Work request :: Please write out every line of the material, leaving out any picture.

Recorded data ::
------------------------------------------------------------------------
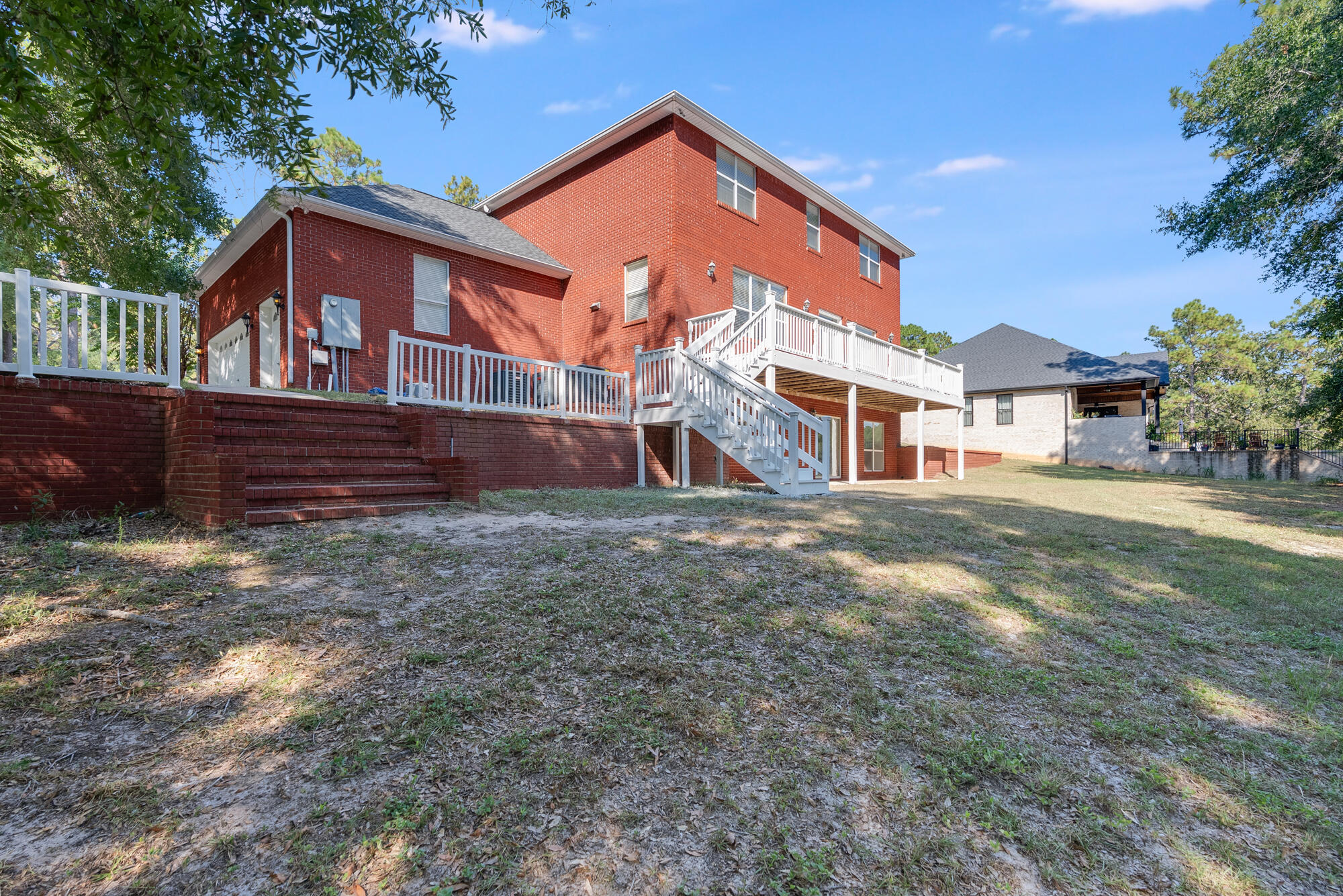 CRESTVIEW - Residential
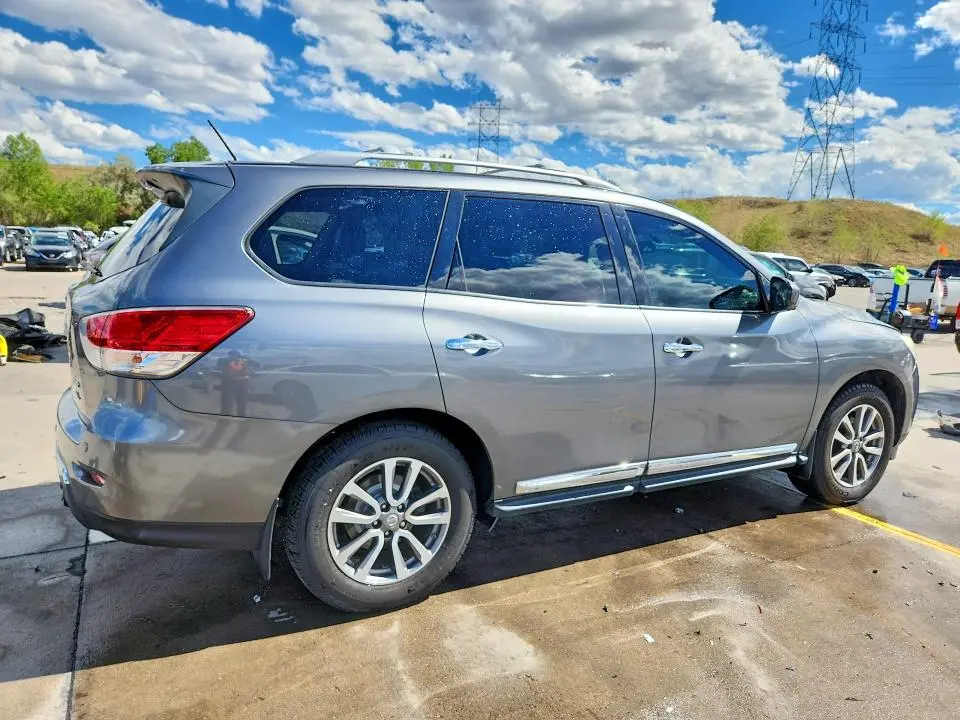 2015 NISSAN PATHFINDER S  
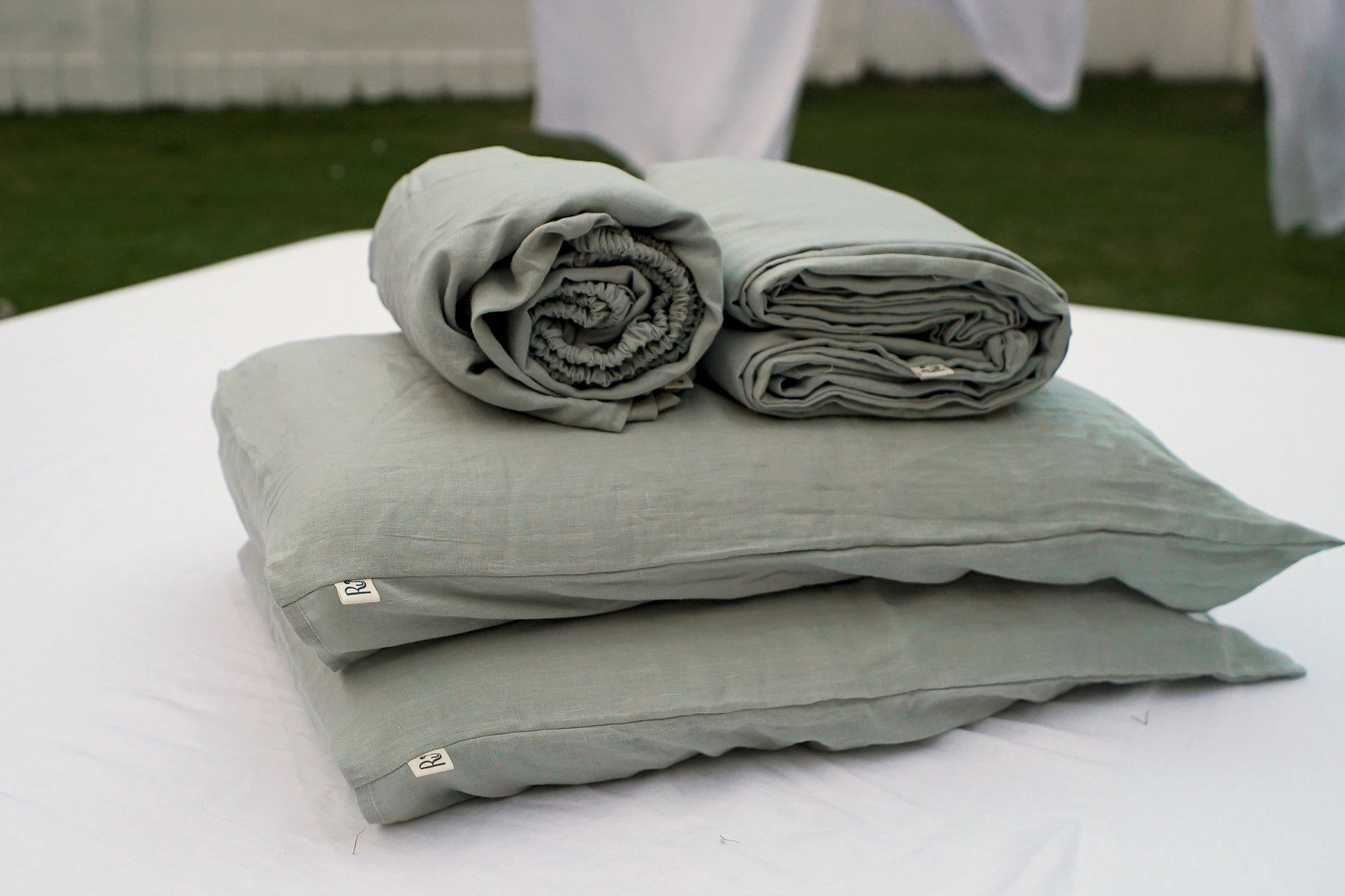 Vỏ Gối Ôm Ru9 Linen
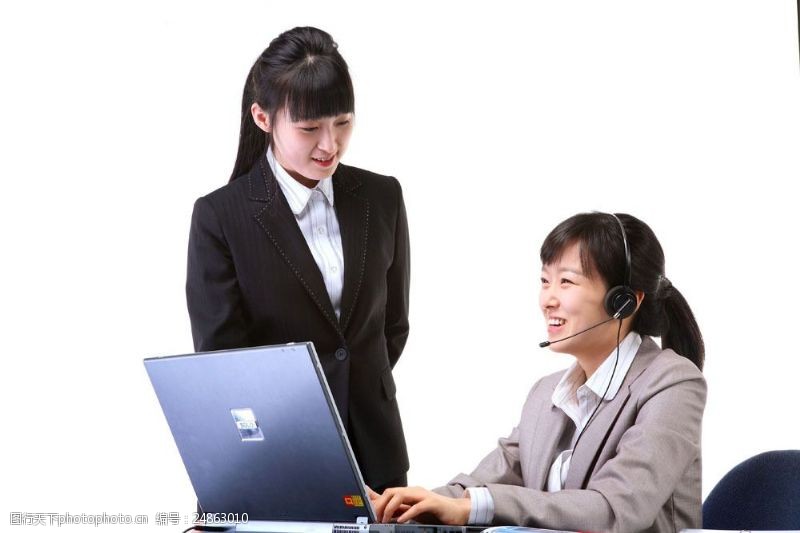 笔记本电脑两位在电脑前聊天的女性图片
------------------------------------------------------------------------
Your response ::
 CRESTVIEW - Residential
 2015 NISSAN PATHFINDER S  
 Vỏ Gối Ôm Ru9 Linen
 笔记本电脑两位在电脑前聊天的女性图片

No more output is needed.